Eventually Henry realizes who’s at the front door and comes down to let them in. In another signature use of his dynamic lens, Whale follows Henry, passing the camera’s view across--and seemingly through--the wall separating the lab from the stairway in one fluid motion. He invites them in to view the creation of the monster; and what a creation it is! Kenneth Strickfaden’s awesome electrical apparatus sparks and arcs and crackles with brilliance as the body, stitched together from dead tissue, is raised to the heavens during the height of the storm. In a crescendo of lightning flashes, electrical discharges, crashing thunder, and anxious faces, the body is brought back down. Slowly, the lifeless hand is lifeless no more, and Henry utters the formerly censored words, “Now I know what it feels like to be God!” The monster is born.
But is Frankenstein’s monster really a monster, or is he just misunderstood? Henry and Dr. Waldman argue this point, and whether to keep the monster (Boris Karloff) alive, but before you can say “going to hell in a hand basket” everything goes quickly wrong when the monster makes his first onscreen appearance. First you hear his clumping footsteps ascending the stairs, then the door slowly opens as he enters facing backwards. Slowly he turns around, and two zooming close-ups reveal Jack Pierce’s creepy cotton and collodion makeup that surely must have made non-jaded hearts skip a beat in 1931. Directing the monster to sit down, Henry opens the skylight to let sunlight in.
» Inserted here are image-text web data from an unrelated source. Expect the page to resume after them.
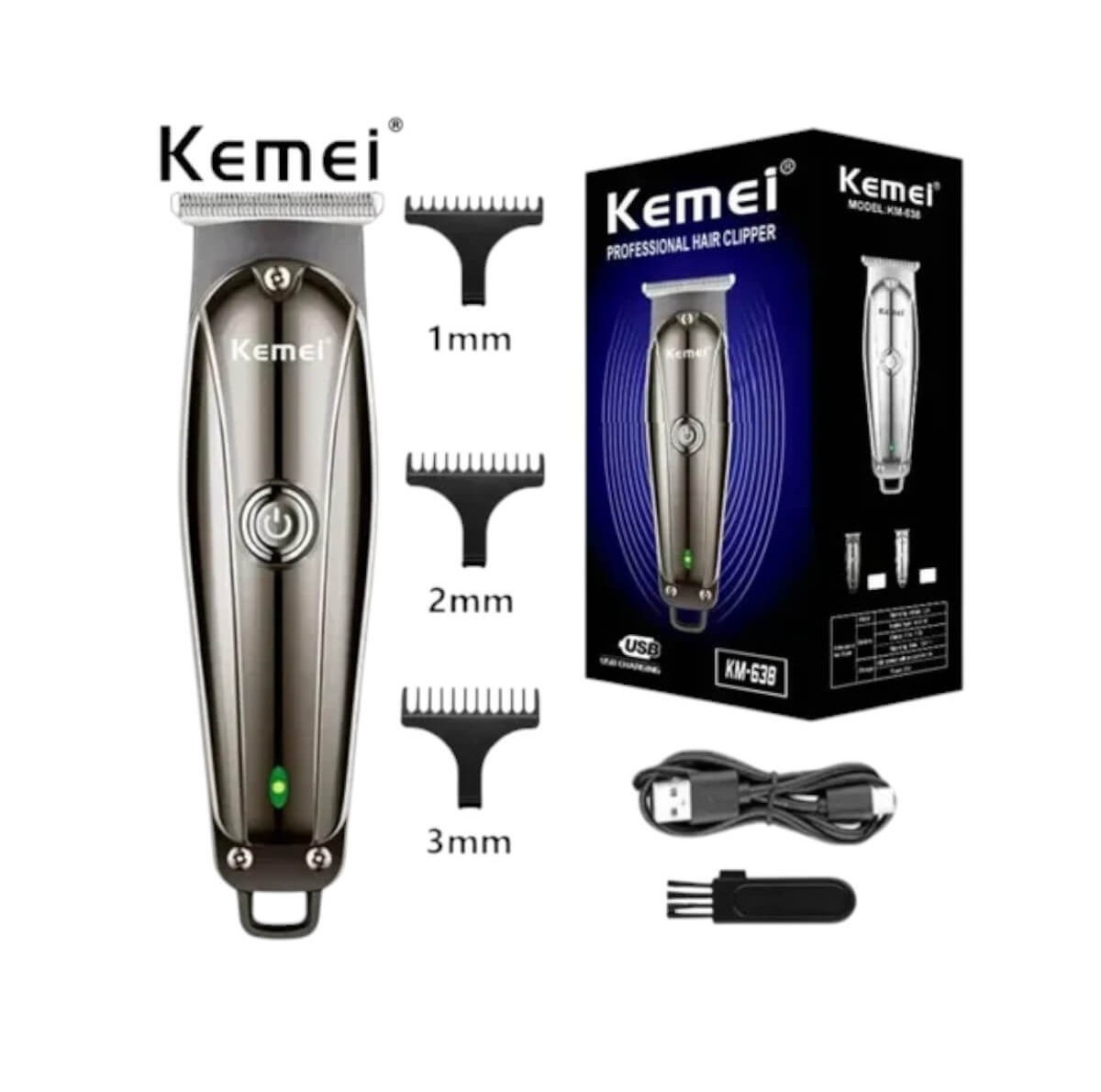 Rechargeable hair clipper Kemei KM-638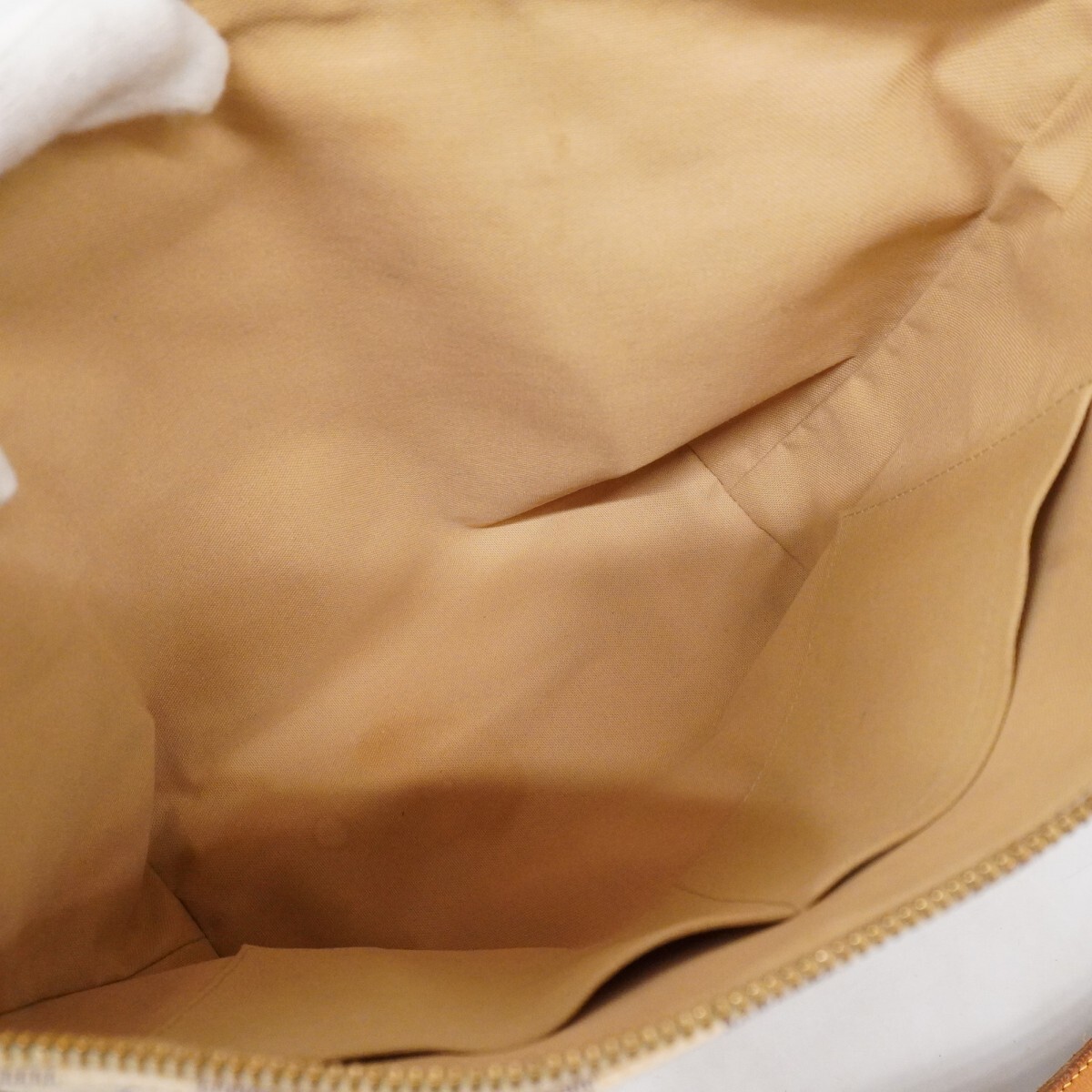 [5oc2733] Louis Vuitton большая сумка Damier * azur to-ta Lee PM N51261 белый [ б/у ] женский 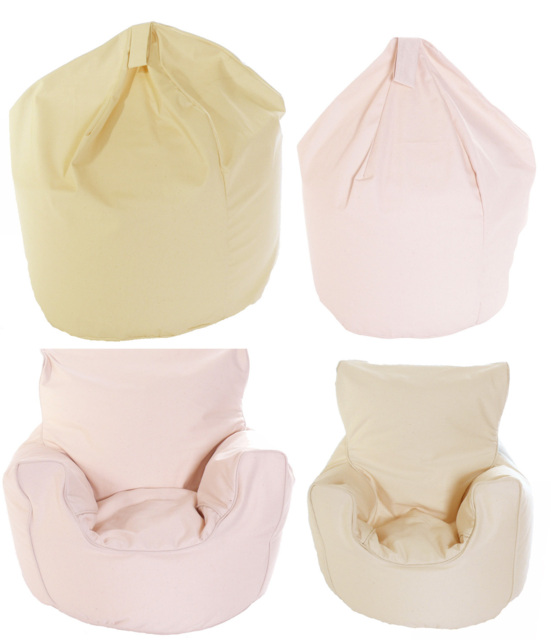 Adult Or Children Size Bean Bag / Chair With Beans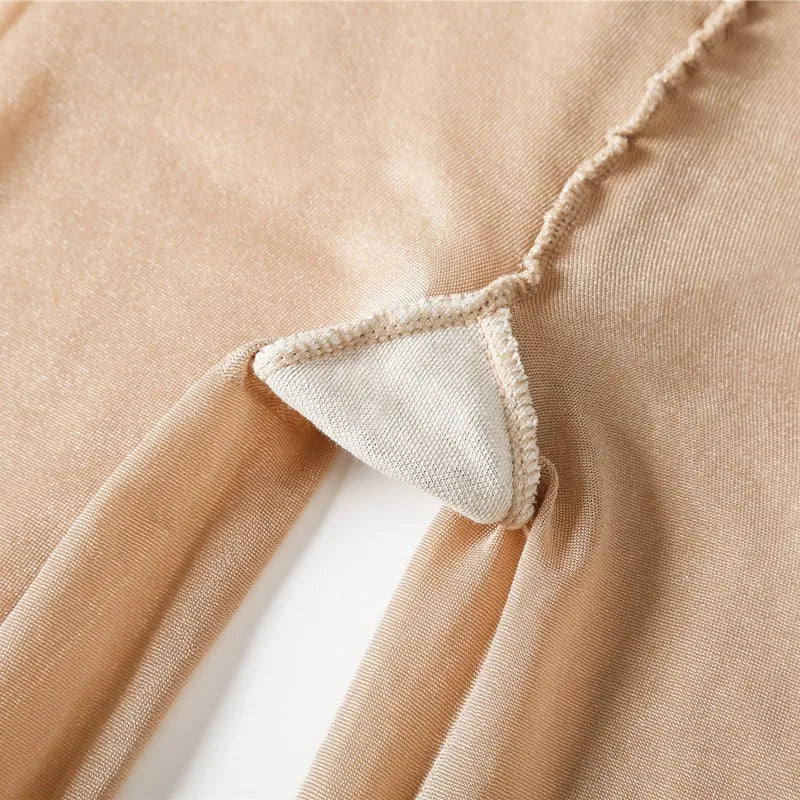 70D High Elastic Plus Size Shiny Pantyhose Oil Glossy Shaping Flesh Women Reflective Stockings Sexy Pantyhose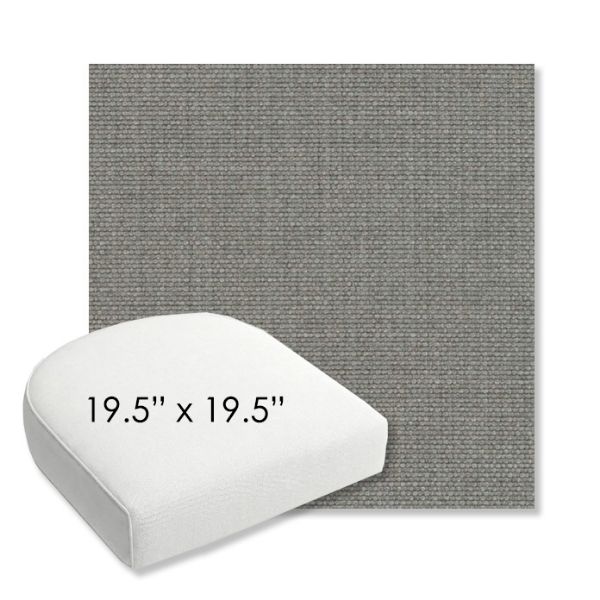 Picture of Shelter Surf | 19.5" x 19.5" Bullnose Contoured Rounded Back Wicker Chair Cushion - Sunbrella© Fabric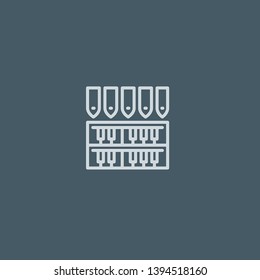 Organ vector icon. Organ concept stroke symbol design. Thin graphic elements vector illustration, outline pattern for your web site design, logo, UI. EPS 10.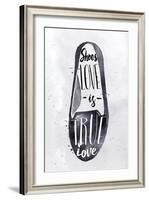 Poster Modern Shoes-anna42f-Framed Art Print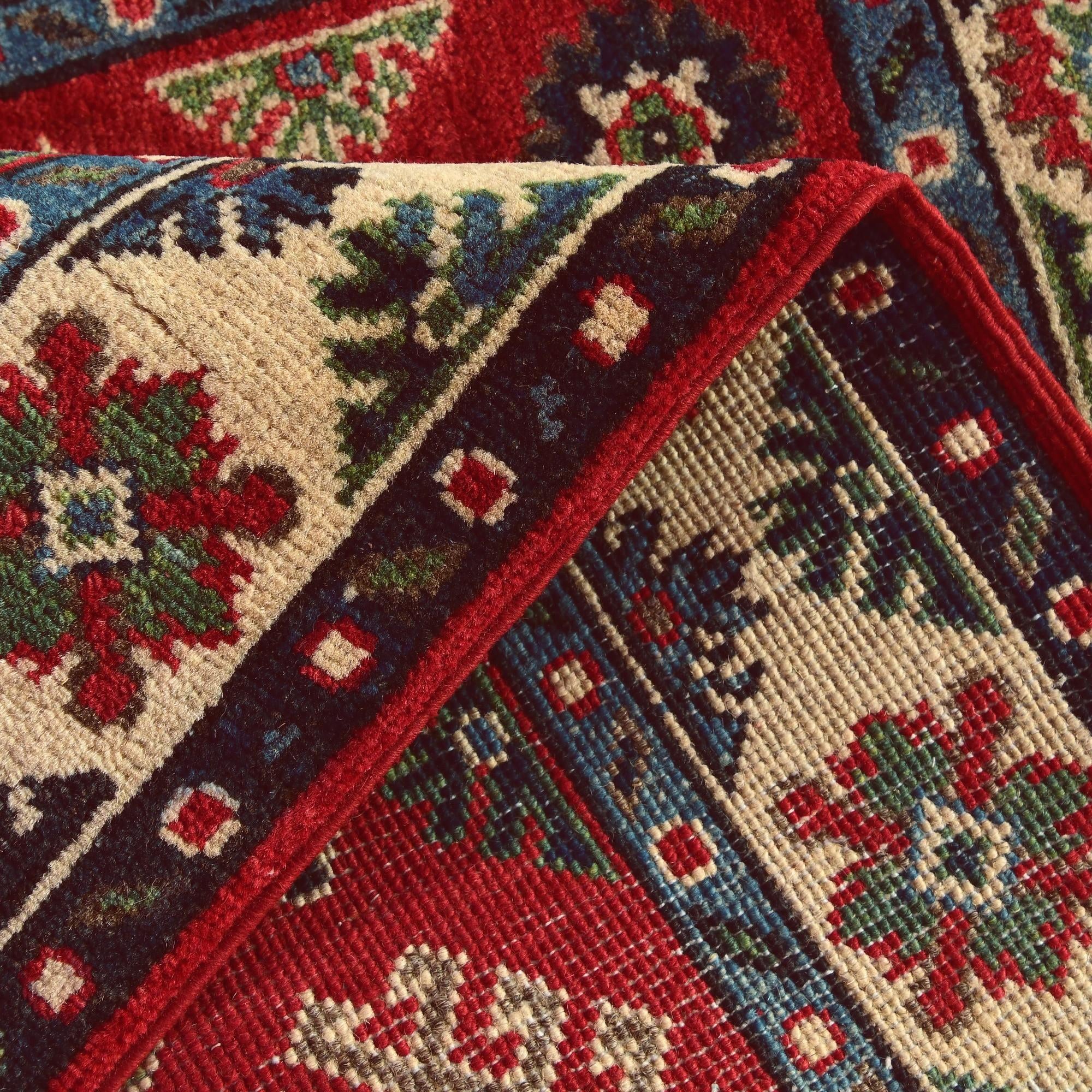 2' 9 x 4' Hand Knotted Kazak Rug
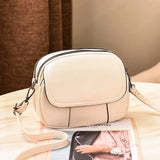 Women Small Crossbody Bag PU Leather Shoulder Handbag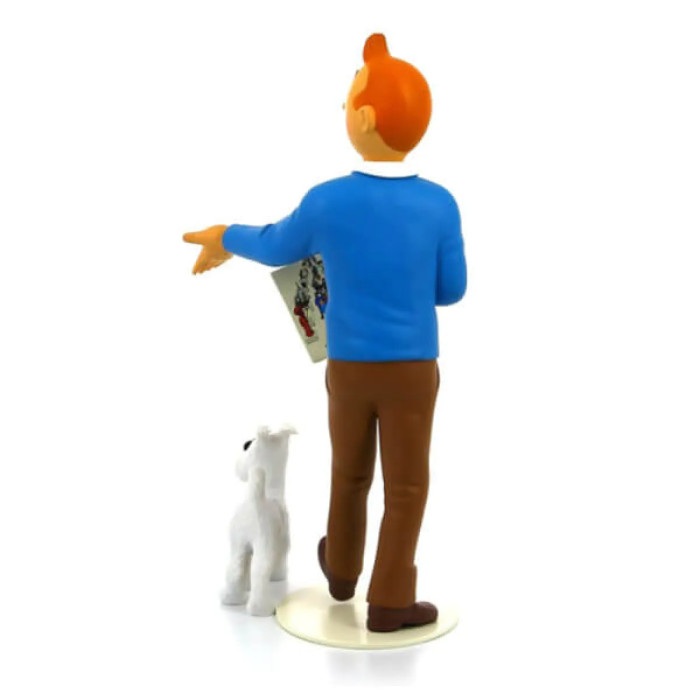 Statuette en résine Tintin et Milou - Collection "Le musée imaginaire de Tintin" (26 cm)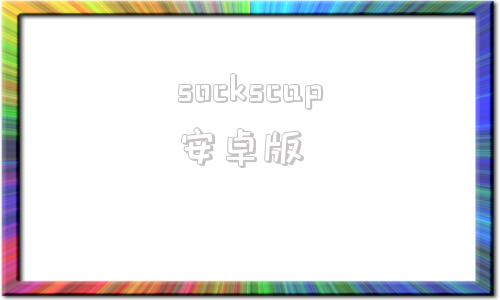 sockscap安卓版sockscap32软件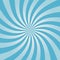 Swirling blue sunburst pattern. Radial design for comic background. Vortex backdrop. Vector.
The monster reaches upward, attracted by the sudden brightness, trying to touch it. When Henry closes the skylight, making it dark again, the mute monster again expresses want with its hands. Karloff’s pantomime performance is poignant. Perhaps Dr. Waldman is wrong and--damn, what’s Fritz doing with that torch? As the composure of the monster turns from fear to rage, so does Henry’s reason begin to shatter and Waldman presses his argument.
Fritz really shouldn’t have mistreated the poor thing, though. Fire, whips, chains, such abuse is bound to make any monster inordinately angry. Henry should have fired Fritz on the spot, but he didn’t, and so the monster starts acting monstrously. A long scream of terror later, Fritz is found hanging by his own whip, courtesy of one really annoyed and fed-up monster. Making matters worse, Dr. Waldman gets all choked up over his work, permanently, before he can euthanize Henry’s once cherished creation.